RECORDS TO PROCESS START

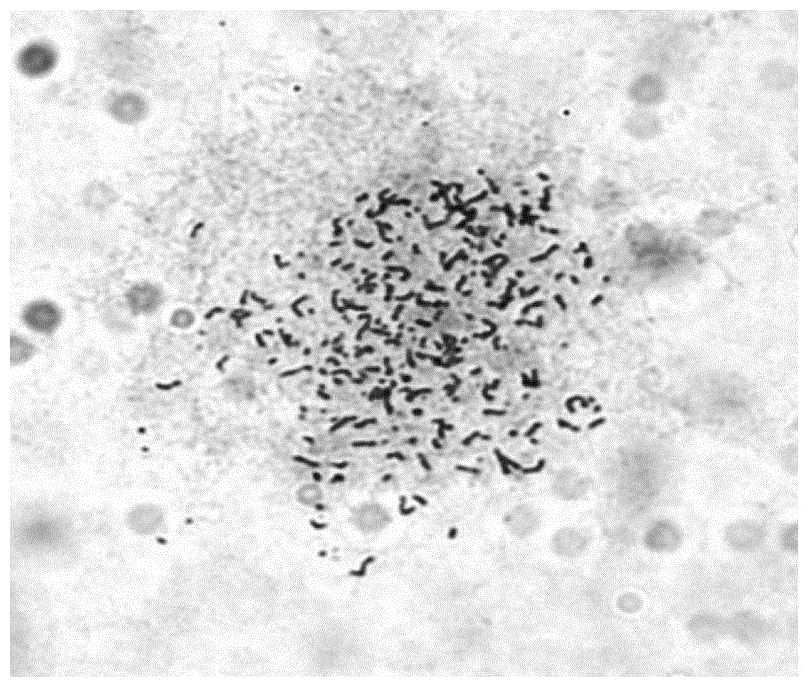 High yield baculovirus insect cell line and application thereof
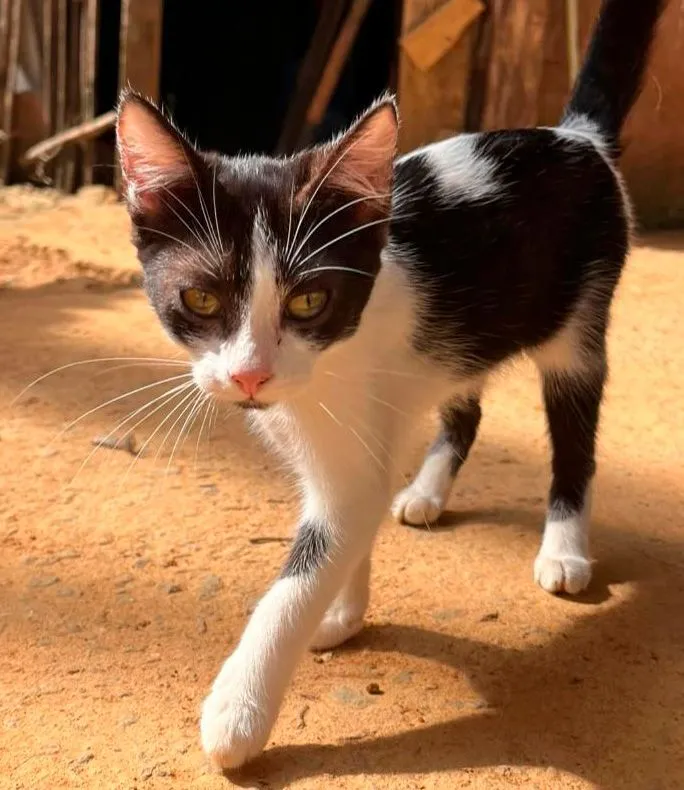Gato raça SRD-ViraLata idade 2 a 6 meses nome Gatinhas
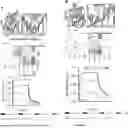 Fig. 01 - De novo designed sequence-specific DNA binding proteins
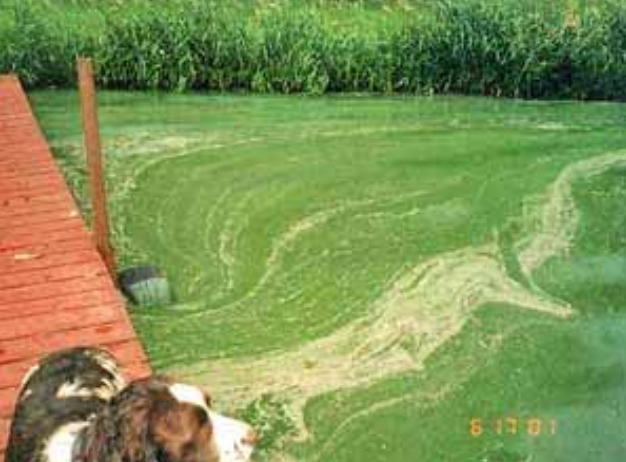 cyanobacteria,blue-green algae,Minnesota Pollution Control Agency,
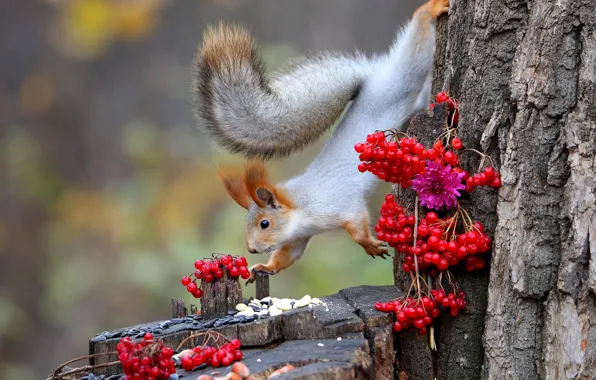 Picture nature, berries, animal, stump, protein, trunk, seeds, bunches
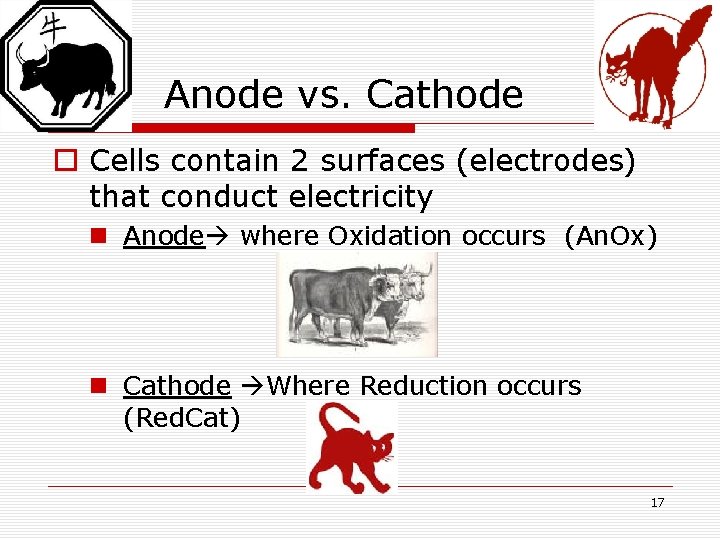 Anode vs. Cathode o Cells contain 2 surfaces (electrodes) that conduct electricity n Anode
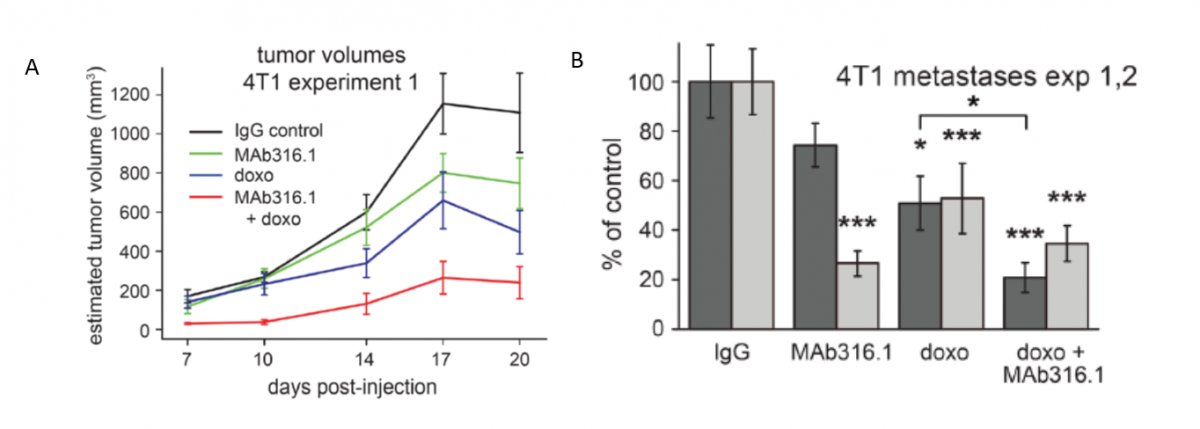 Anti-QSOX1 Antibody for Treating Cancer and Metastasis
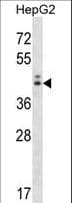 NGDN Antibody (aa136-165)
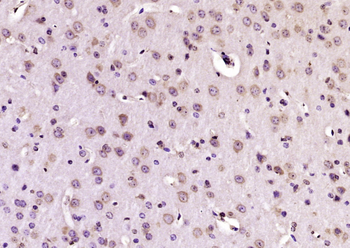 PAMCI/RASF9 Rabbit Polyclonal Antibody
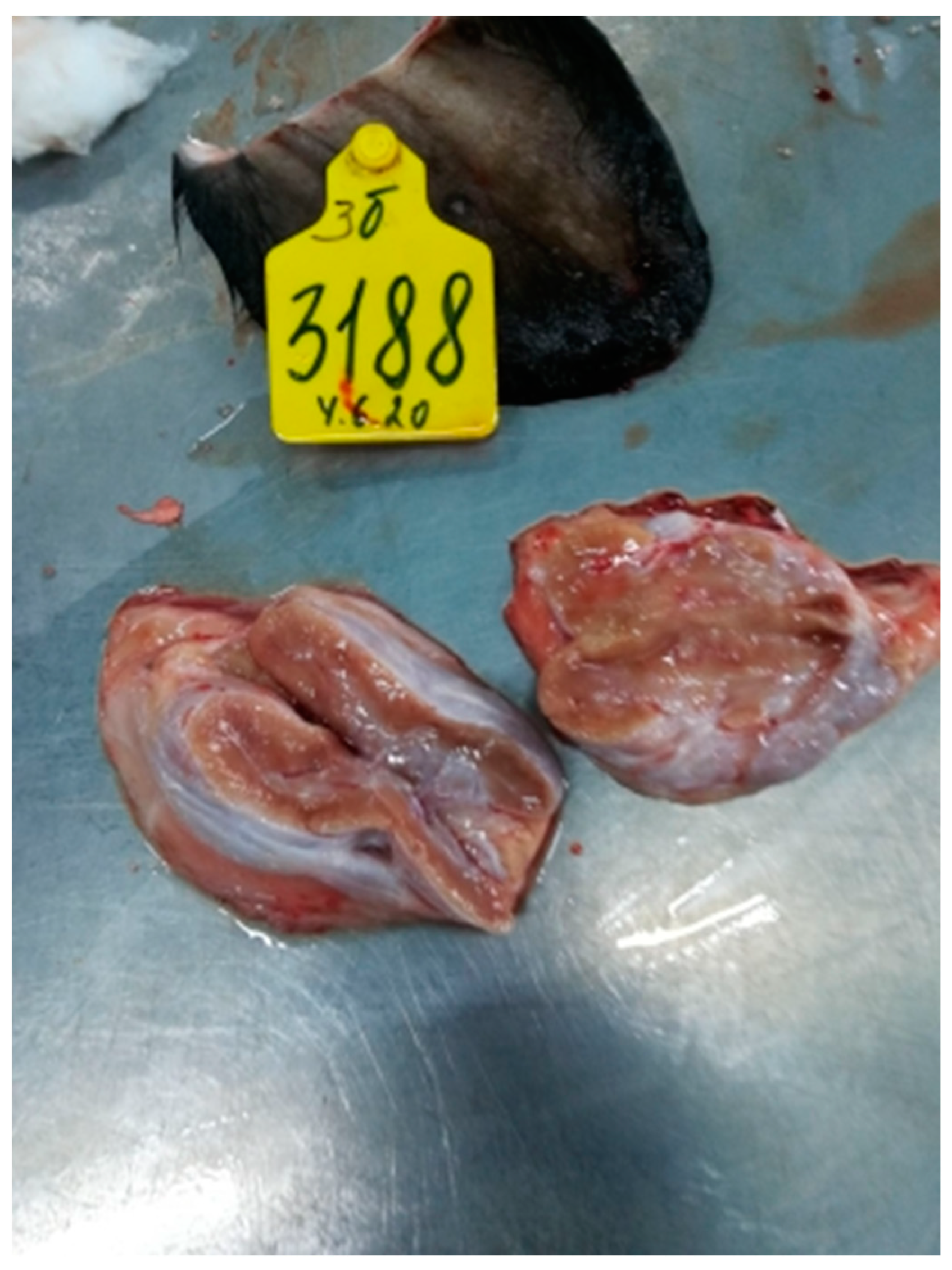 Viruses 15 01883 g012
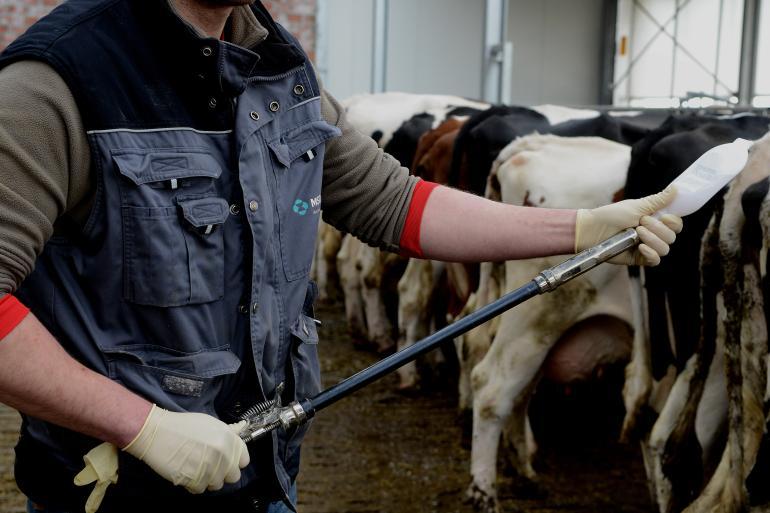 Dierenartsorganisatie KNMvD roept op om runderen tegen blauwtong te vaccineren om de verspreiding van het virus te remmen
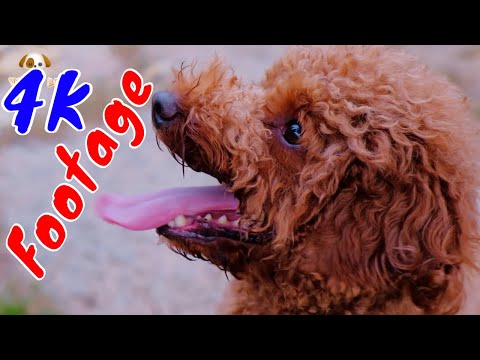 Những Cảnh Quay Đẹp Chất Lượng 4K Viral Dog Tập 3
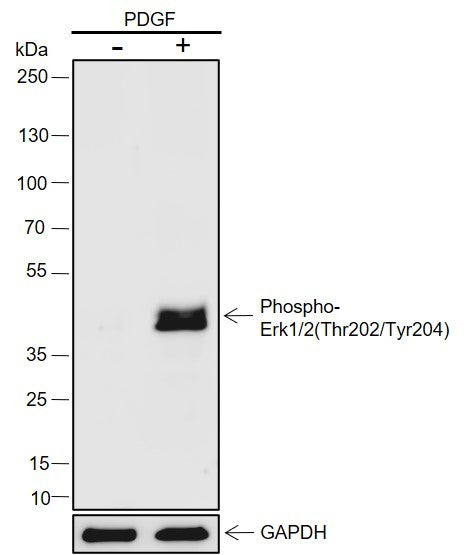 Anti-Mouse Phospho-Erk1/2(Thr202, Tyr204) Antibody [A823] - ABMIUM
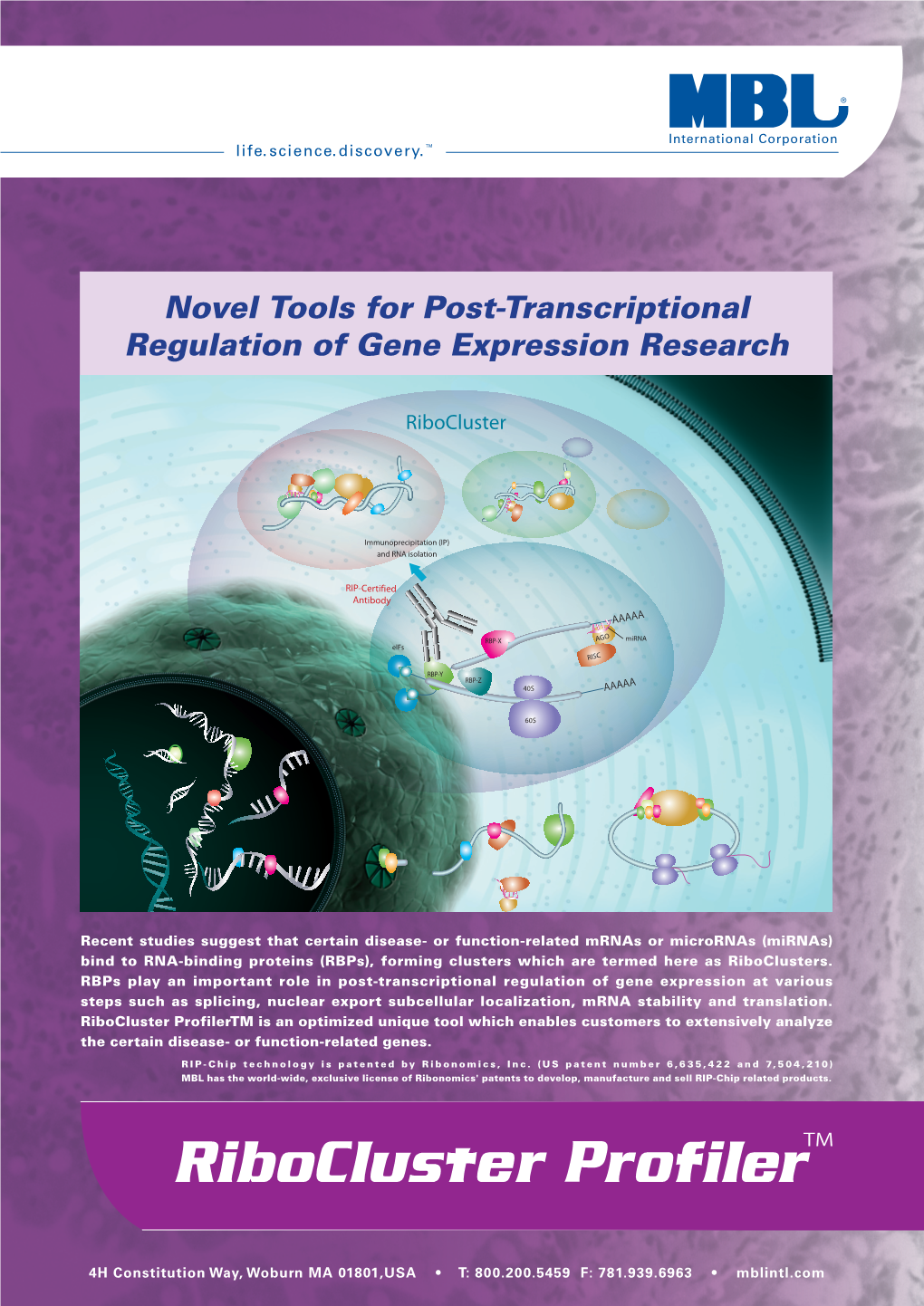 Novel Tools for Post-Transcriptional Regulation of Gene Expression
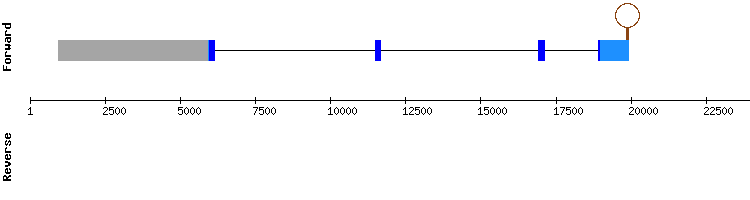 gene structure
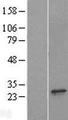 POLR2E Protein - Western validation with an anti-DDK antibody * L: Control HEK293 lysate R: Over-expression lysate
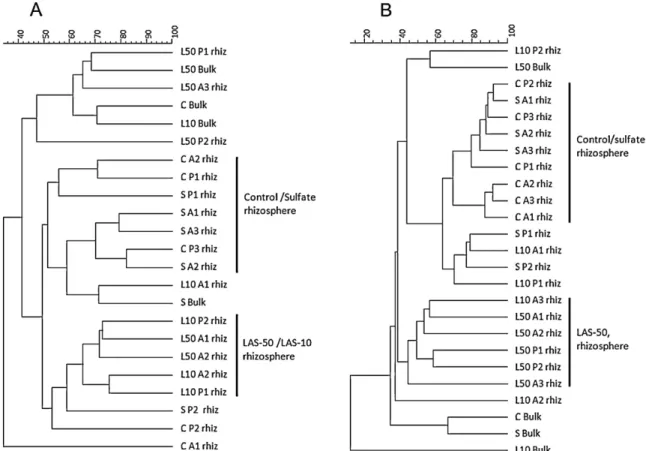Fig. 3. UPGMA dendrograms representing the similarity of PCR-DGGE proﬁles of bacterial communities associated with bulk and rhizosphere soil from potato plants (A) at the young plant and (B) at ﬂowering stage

RECORDS TO PROCESS END

(PROBLEM STATEMENT) The reply must contain every entry above, exactly as written, and none of the pictures.

(ANSWER SPACE)
 High yield baculovirus insect cell line and application thereof
Gato raça SRD-ViraLata idade 2 a 6 meses nome Gatinhas
 Fig. 01 - De novo designed sequence-specific DNA binding proteins
 cyanobacteria,blue-green algae,Minnesota Pollution Control Agency,
 Picture nature, berries, animal, stump, protein, trunk, seeds, bunches
 Anode vs. Cathode o Cells contain 2 surfaces (electrodes) that conduct electricity n Anode
 Anti-QSOX1 Antibody for Treating Cancer and Metastasis
 NGDN Antibody (aa136-165)
 PAMCI/RASF9 Rabbit Polyclonal Antibody
 Viruses 15 01883 g012
 Dierenartsorganisatie KNMvD roept op om runderen tegen blauwtong te vaccineren om de verspreiding van het virus te remmen
 Những Cảnh Quay Đẹp Chất Lượng 4K Viral Dog Tập 3
 Anti-Mouse Phospho-Erk1/2(Thr202, Tyr204) Antibody [A823] - ABMIUM
 Novel Tools for Post-Transcriptional Regulation of Gene Expression
 gene structure
 POLR2E Protein - Western validation with an anti-DDK antibody * L: Control HEK293 lysate R: Over-expression lysate
Fig. 3. UPGMA dendrograms representing the similarity of PCR-DGGE proﬁles of bacterial communities associated with bulk and rhizosphere soil from potato plants (A) at the young plant and (B) at ﬂowering stage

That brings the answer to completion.